● About this task: Word for word, restate the lines from the one containing "1997 PETERBILT 379" through the last line of the material, and include no pictures.

● Information shown:
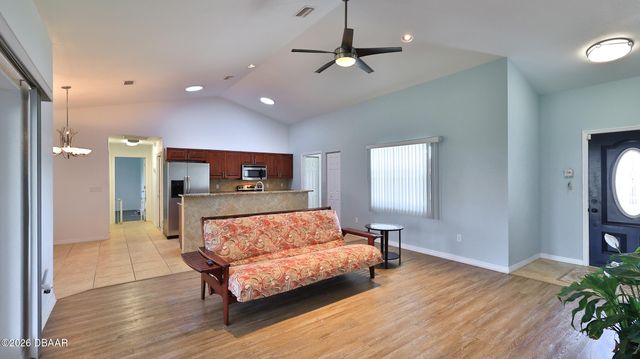 28 Ames Lane, Daytona Beach, FL 32118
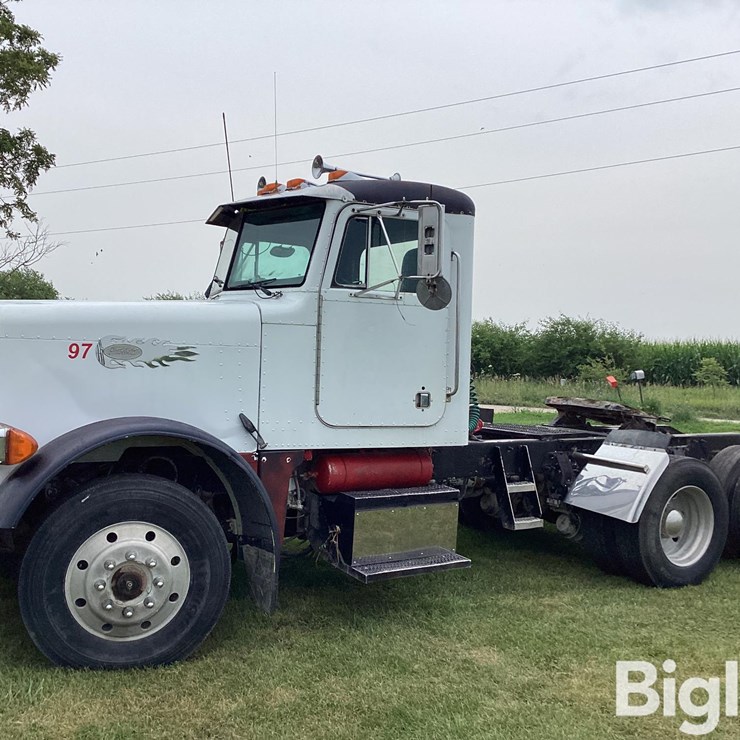1997 PETERBILT 379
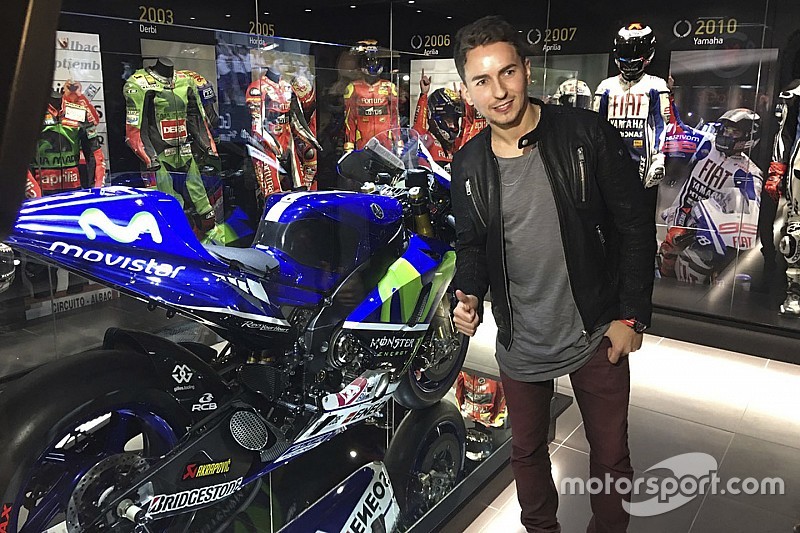 Lorenzo inaugura el museo de los campeones en Andorra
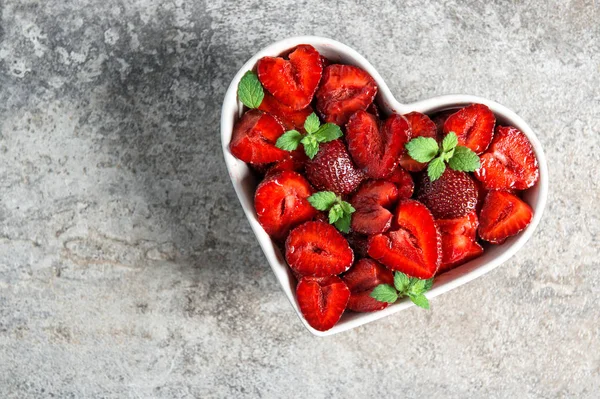 Strawberries green mint leaves Red heart Food Berries — Stock Photo, Image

● Solution for this exercise:
1997 PETERBILT 379
 Lorenzo inaugura el museo de los campeones en Andorra
 Strawberries green mint leaves Red heart Food Berries — Stock Photo, Image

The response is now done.